- _Prompt_
Reproduction of part of the material below, pictures omitted: copy exactly, and only, the lines starting with the one with "VTG Euro Mode" and going on through the one with "Tapis rose lavable à la machine".

- _Raw data_
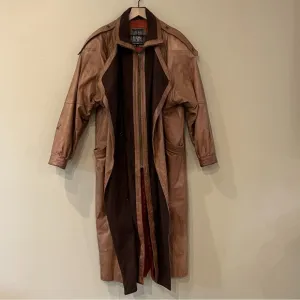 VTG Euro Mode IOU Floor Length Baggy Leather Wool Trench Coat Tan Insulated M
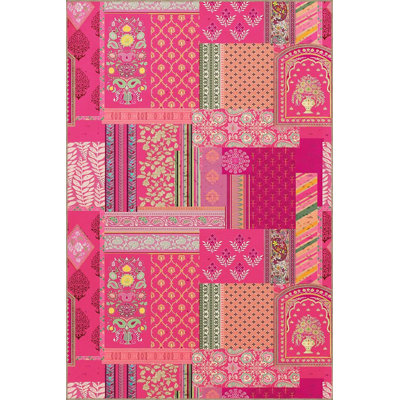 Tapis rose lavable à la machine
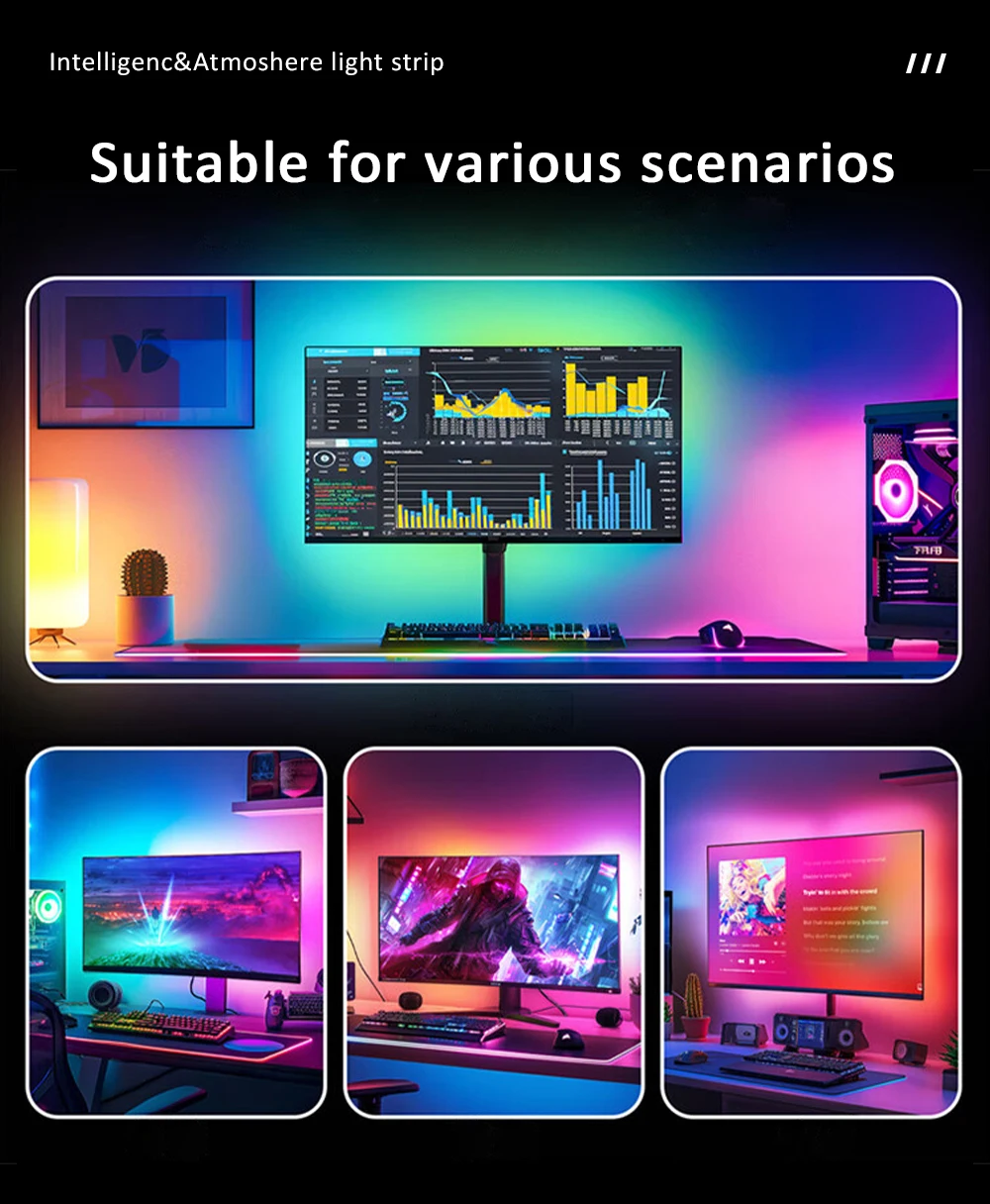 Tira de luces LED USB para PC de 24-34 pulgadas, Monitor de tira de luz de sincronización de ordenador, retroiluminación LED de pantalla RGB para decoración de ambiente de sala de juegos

--

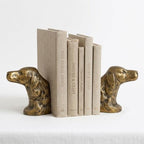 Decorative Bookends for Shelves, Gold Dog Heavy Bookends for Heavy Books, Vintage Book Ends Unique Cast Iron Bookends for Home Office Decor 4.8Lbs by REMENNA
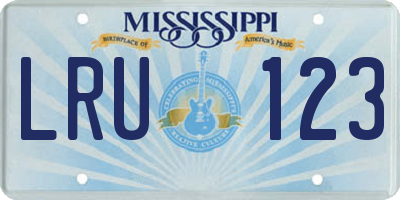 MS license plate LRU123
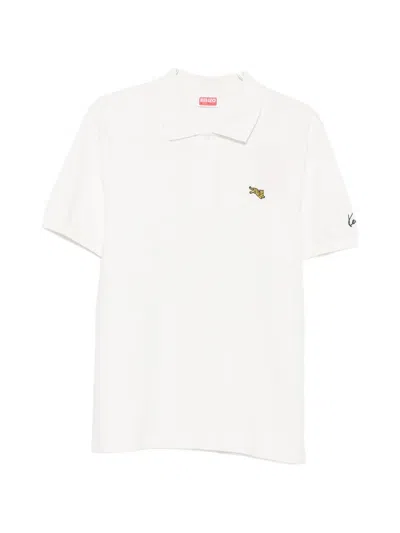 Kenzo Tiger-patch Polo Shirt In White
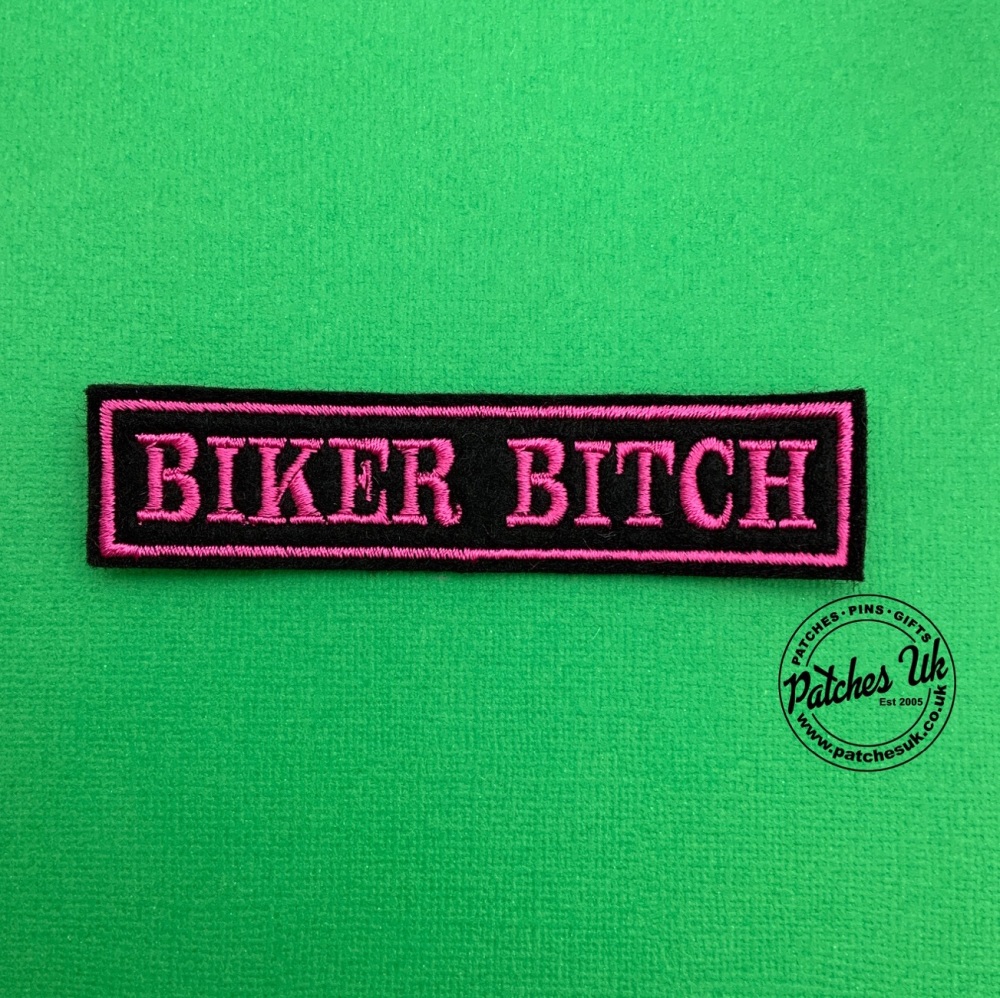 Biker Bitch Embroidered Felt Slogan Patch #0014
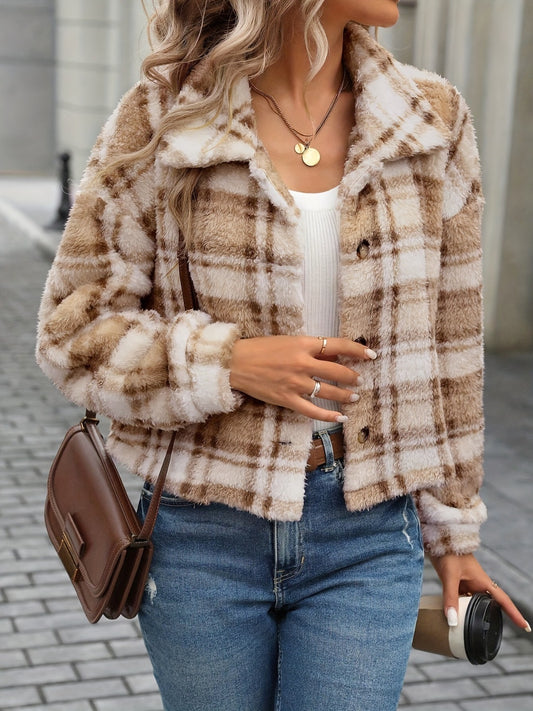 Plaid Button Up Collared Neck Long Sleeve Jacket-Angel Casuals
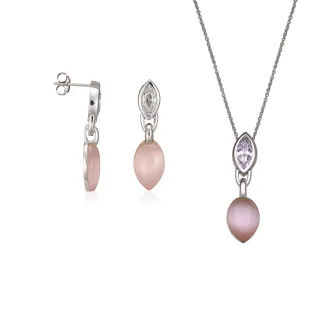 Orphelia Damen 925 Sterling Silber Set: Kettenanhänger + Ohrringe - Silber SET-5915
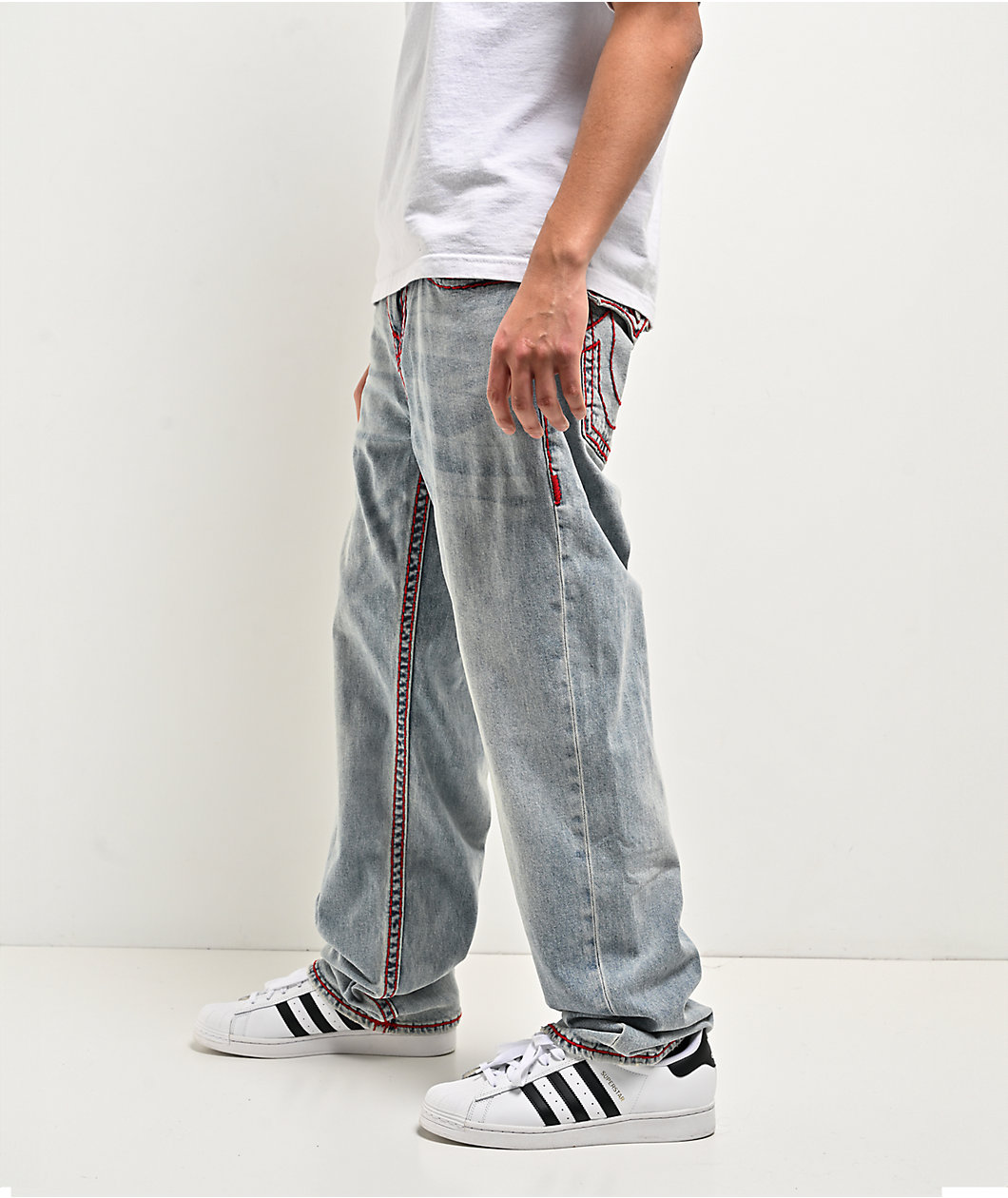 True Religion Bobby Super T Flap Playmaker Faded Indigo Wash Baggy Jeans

- _Output for this task_
 VTG Euro Mode IOU Floor Length Baggy Leather Wool Trench Coat Tan Insulated M
 Tapis rose lavable à la machine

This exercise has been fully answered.